Article ID Journal Published Year Pages File Type
919918 Acta Psychologica 2012 9 Pages PDF
Abstract

Previous research showed that handwriting production is mediated by linguistically oriented processing units such as syllables and graphemes. The goal of this study was to investigate whether French adults also activate another kind of unit that is more related to semantics than phonology, namely morphemes. Experiment 1 revealed that letter duration and inter-letter intervals were longer for suffixed words than for pseudo-suffixed words. These results suggest that the handwriting production system chunks the letter components of the root and suffix into morpheme-sized units.
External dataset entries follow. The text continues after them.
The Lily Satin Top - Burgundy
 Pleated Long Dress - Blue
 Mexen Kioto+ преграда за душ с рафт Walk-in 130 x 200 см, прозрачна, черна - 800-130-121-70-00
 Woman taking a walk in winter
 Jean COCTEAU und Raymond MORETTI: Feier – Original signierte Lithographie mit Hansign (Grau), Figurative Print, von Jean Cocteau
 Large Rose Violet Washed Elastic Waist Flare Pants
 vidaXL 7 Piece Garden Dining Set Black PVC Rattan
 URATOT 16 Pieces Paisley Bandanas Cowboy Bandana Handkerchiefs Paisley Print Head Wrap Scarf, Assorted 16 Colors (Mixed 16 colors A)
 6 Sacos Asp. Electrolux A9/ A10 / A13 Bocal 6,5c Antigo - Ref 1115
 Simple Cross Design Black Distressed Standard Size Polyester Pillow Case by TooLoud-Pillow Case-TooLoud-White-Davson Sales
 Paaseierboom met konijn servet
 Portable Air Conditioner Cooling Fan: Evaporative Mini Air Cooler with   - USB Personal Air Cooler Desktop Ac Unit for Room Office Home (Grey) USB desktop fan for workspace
Experiment 2 compared the production of prefixed and pseudo-prefixed words. The results did not yield significant differences. This asymmetry between suffix and prefix processing has also been observed in other linguistic tasks. In suffixed words, the suffix would be processed on-line during the production of the root, in an analytic fashion. Prefixed words, in contrast, seem to be processed without decomposition, as pseudo-affixed words.

► We examined whether handwriting production is mediated by semantic units (morphemes). ► Participants wrote prefixed/suffixed and pseudo-affixed words on a digitiser. ► Writing suffixed words requires more processing than to pseudo-suffixed words. ► Models of handwriting should include a processing level that activates morpheme units.